[Opening Data under study section]

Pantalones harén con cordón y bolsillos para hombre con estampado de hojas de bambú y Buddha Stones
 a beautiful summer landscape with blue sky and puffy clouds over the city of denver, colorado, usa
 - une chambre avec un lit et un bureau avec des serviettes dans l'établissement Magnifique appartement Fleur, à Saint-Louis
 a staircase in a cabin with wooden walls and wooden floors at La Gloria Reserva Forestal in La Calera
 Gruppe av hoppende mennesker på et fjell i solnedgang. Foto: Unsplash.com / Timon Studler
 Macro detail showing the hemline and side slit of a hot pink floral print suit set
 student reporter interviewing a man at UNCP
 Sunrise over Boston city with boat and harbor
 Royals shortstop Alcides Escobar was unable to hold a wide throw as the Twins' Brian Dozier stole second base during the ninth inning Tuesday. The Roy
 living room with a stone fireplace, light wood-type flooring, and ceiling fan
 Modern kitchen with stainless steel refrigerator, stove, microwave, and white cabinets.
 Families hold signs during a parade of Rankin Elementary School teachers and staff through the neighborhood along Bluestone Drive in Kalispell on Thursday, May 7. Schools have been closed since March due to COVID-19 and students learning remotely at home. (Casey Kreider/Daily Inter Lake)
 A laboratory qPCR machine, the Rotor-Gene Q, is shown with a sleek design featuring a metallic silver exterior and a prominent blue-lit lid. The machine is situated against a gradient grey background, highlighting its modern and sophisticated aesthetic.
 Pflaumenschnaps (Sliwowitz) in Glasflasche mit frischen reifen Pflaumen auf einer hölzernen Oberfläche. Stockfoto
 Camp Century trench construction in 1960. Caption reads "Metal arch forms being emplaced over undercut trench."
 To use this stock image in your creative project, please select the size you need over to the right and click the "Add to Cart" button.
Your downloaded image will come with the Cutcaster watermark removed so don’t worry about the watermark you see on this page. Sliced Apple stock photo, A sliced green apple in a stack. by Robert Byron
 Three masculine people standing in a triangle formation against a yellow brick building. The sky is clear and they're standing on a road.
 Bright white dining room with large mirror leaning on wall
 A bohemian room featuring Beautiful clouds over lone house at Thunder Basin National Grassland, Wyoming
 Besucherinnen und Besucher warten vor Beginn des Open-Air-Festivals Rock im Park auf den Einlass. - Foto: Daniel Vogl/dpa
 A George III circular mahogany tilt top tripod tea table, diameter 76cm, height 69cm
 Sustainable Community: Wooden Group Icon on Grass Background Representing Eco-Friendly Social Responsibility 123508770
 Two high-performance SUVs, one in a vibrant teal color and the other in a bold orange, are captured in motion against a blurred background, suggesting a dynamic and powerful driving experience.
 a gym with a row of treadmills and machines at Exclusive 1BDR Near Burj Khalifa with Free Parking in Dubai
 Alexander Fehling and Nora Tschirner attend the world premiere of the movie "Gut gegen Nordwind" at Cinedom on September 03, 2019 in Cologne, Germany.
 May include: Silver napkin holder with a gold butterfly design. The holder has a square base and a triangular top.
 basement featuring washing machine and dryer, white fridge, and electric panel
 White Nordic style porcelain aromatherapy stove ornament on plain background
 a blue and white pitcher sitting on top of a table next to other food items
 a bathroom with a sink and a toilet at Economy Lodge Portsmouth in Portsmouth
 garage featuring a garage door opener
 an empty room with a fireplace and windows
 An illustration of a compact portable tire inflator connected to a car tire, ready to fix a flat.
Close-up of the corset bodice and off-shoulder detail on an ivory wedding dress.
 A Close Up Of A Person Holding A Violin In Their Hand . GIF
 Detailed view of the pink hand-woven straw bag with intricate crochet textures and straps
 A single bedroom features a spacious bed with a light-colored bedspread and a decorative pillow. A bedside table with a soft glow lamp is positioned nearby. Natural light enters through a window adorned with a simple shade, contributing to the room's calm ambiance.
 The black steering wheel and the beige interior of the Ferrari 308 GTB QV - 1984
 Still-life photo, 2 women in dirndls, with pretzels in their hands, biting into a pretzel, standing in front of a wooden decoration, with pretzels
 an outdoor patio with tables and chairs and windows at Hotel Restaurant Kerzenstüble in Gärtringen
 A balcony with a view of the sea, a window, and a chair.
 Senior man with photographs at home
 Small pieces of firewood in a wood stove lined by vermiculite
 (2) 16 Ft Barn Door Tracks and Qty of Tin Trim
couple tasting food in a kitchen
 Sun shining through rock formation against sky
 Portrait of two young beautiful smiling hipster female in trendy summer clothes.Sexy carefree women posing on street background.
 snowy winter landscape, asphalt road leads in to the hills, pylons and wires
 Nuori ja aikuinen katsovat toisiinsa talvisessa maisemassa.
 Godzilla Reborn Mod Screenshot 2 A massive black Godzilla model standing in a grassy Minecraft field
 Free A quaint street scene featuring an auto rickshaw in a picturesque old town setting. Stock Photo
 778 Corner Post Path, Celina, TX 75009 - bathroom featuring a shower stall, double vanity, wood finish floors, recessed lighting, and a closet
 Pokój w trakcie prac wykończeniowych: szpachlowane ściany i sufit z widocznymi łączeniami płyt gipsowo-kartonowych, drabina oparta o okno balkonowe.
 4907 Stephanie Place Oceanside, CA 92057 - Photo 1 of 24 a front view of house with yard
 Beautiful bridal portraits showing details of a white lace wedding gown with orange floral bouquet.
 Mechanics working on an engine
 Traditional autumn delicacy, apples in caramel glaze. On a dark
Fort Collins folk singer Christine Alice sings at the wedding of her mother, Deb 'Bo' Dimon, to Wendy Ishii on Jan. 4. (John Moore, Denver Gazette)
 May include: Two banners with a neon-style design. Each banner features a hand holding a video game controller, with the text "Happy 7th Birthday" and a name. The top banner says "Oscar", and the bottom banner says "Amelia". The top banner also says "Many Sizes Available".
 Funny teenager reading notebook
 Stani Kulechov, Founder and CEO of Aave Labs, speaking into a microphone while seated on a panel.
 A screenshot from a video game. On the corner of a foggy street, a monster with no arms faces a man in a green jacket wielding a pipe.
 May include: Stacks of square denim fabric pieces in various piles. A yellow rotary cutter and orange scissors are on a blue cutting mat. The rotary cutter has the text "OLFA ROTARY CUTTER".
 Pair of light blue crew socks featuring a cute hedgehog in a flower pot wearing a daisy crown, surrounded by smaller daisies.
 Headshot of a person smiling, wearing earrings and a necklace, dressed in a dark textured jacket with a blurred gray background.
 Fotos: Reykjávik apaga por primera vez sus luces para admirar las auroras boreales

[Closing Data under study section]

▶ _Exercise objective_: If a line comes after the one with "Modern kitchen with", leave it out; reproduce exactly every line of the material from the first up to and including that one.

▶ _Task result_:
Pantalones harén con cordón y bolsillos para hombre con estampado de hojas de bambú y Buddha Stones
 a beautiful summer landscape with blue sky and puffy clouds over the city of denver, colorado, usa
 - une chambre avec un lit et un bureau avec des serviettes dans l'établissement Magnifique appartement Fleur, à Saint-Louis
 a staircase in a cabin with wooden walls and wooden floors at La Gloria Reserva Forestal in La Calera
 Gruppe av hoppende mennesker på et fjell i solnedgang. Foto: Unsplash.com / Timon Studler
 Macro detail showing the hemline and side slit of a hot pink floral print suit set
 student reporter interviewing a man at UNCP
 Sunrise over Boston city with boat and harbor
 Royals shortstop Alcides Escobar was unable to hold a wide throw as the Twins' Brian Dozier stole second base during the ninth inning Tuesday. The Roy
 living room with a stone fireplace, light wood-type flooring, and ceiling fan
 Modern kitchen with stainless steel refrigerator, stove, microwave, and white cabinets.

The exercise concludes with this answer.